I will probably add to this list as I go along.

Overuse of Combat Encounters:  Grognards like to complain about the duration of combat in 4e, but the real reason it feels like a grind is the frequency.  Using Moldvay dungeon stocking, there was a 33% chance of a room containing a monster in Basic DnD.  Appendix A of the first edition Dungeon Master’s Guide gives a 25% chance.  I would estimate that with 4e adventures the chances are about 100% for a delve or side-trek, and 80% for a bigger adventure, with the balance being skill challenges and the odd “role-play” encounter.  In early-edition DnD you could often trick, avoid or talk to the monsters, but in published 4e adventures they invariably spot you, attack, and fight to the death.

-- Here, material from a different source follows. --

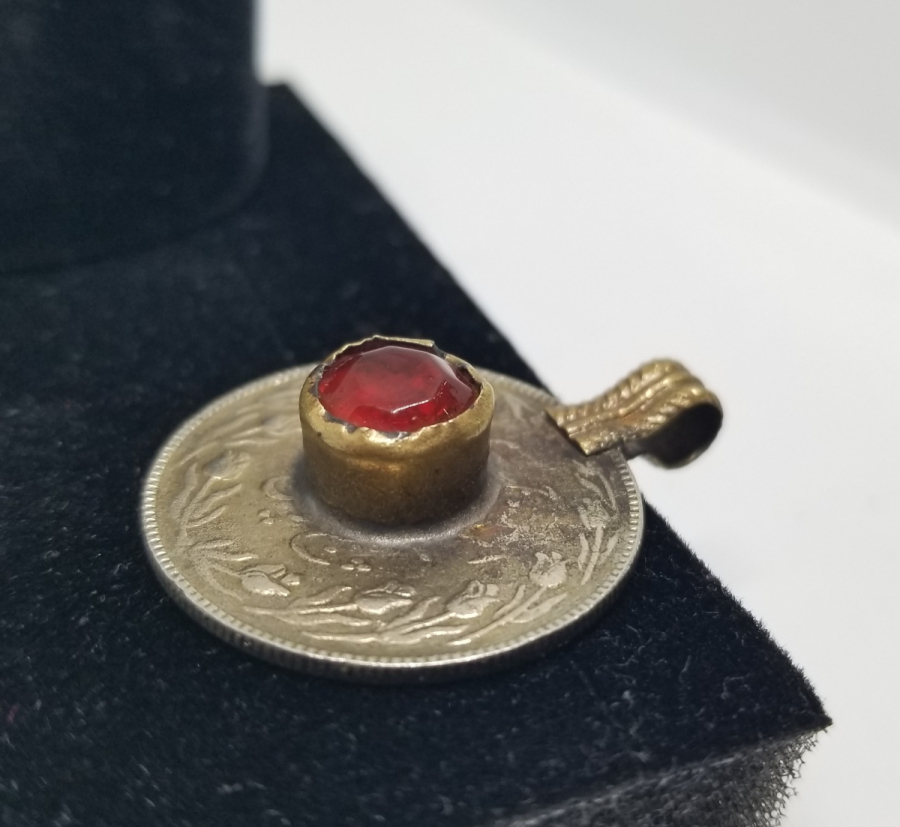 ÜZERİ DOĞAL TAŞLI ANTİKA TÜRKMEN PARASI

Combat is a big deal in 4e; it would be a bigger deal if it was rarer.

Using Skill Challenges for Uninteresting Game Elements:  If a task is inherently uninteresting, it does not become more interesting by dragging it out with a bunch of die-rolling.  Skill Challenges are frequently used for parts of the game that should just be summarized.  If it would be a montage in a movie, it should not be a skill challenge in the game.

Using Skill Challenges in Place of Interesting Game Elements:  If a game element is inherently interesting, it should not be abstracted by a skill challenge.  You can identify these when the SC actually eludes to interesting challenges in the Skill descriptions.  For example, in a travel montage which includes an Athletics check to signify “crossing a river or scaling a cliff”, it would be more interesting to put a river or a cliff in front of the party and see how they handle it.

You might ask, if you should not use Skill Challenges for uninteresting encounters, and you should not use Skill Challenges for interesting encounters, when should you use Skill Challenges?  The answer is rarely, and only in situations where you expect that the resolution of an encounter will require at least four successful skill checks, and where the players have real choices about their approach that can have an impact on the outcome.

Do not add checks just to turn an encounter into a Skill Challenge, and do not use them where “alternate approaches” are limited to choosing different skills.  This probably requires some explanation, which I will try to get to in a future article, but an example would be during a combat encounter, when there is a real choice between the resources you apply to fighting team monster and the resources you apply to disarming a trap or closing a portal.

Linear Dungeons:  Not necessarily in a straight line, although those happen.  I am talking about dungeons where the party either has no choice about where to go, or the choices effectively don’t matter.  If it is a fait accompli that you will explore each branch of an intersection (which it usually is), and the order in which you explore them doesn’t matter, then there is only the illusion of choice.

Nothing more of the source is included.